Your network contains an Active Directory forest named adatum.local. The forest contains 500 users and uses adatum.com as a UPN suffix.
You deploy a Microsoft 365 tenant.
You implement directory synchronization and sync only 50 support users.
You discover that five of the synchronized users have usernames that use a UPN suffix of onmicrosoft.com.
You need to ensure that all synchronized identities retain the UPN set in their on-premises user account.
What should you do?
A . From the Microsoft 365 admin center, add adatum.com as a custom domain name.
B . From Windows PowerShell, run the Set-ADDomain CAllowedDNSSuffixes adatum.com command.
C . From Active Directory Users and Computers, modify the UPN suffix of the five user accounts.
D . From the Microsoft 365 admin center, add adatum.local as a custom domain name.
Answer: C
Explanation:
The question states that only five of the synchronized users have usernames that use a UPN suffix of onmicrosoft.com. Therefore the other 45 users have the correct UPN suffix. This tells us that the adatum.com domain has already been added to Office 365 as a custom domain.
The forest is named adatum.local and uses adatum.com as a UPN suffix. User accounts in the domain will have adatum.local as their default UPN suffix. To use adatum.com as the UPN suffix, each user account will need to be configured to use adatum.com as the UPN suffix.
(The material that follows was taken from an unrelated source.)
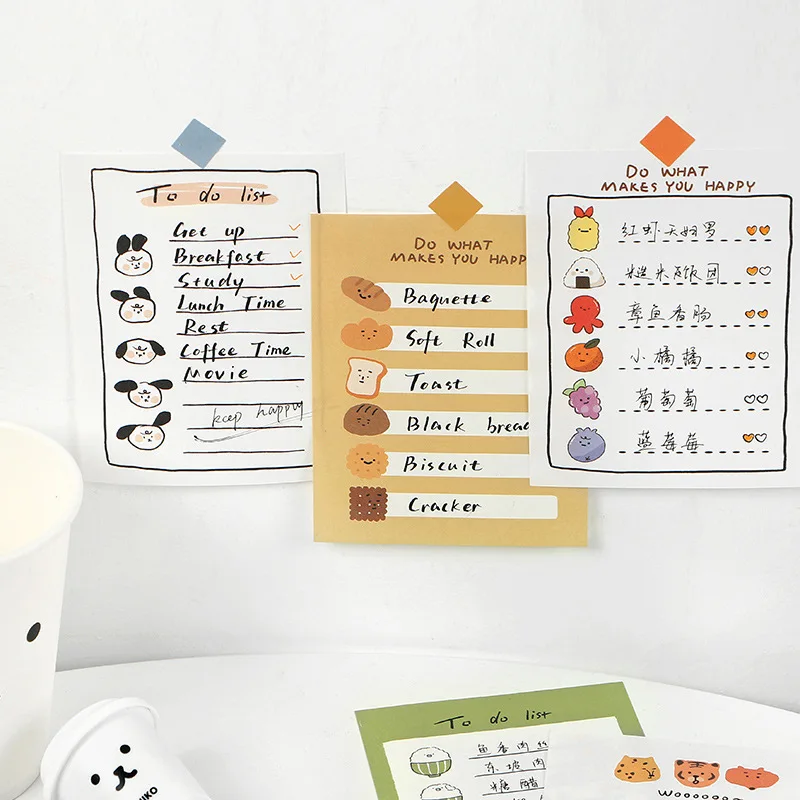 

SIXONE 30 Sheets Cartoon Cute Emotion Note Book Writing Pad Kawaii Student Hand Account Message Memo Pad Diary School Stationery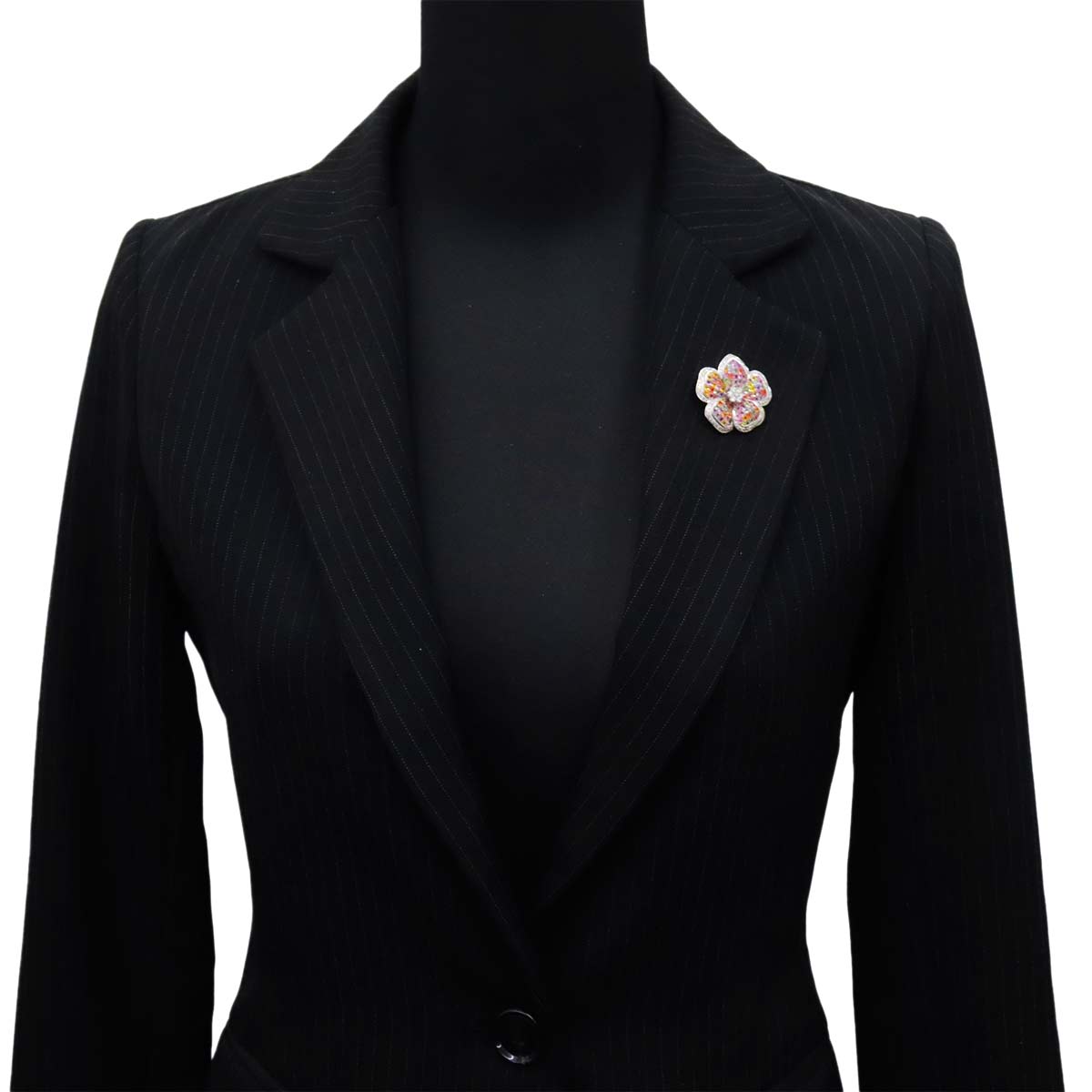 Sapphire 18.50ct Diamond 0.85ct Brooch Diamond 18K WG White Gold 750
Any synchronized user account that has adatum.local as a UPN suffix will be configured to use a UPN suffix of onmicrosoft.com because adatum.local cannot be added to Office 365 as a custom domain. Therefore, the reason that the five synchronized users have usernames with a UPN suffix of onmicrosoft.com is because their accounts were not configured to use the UPN suffix of contoso.com.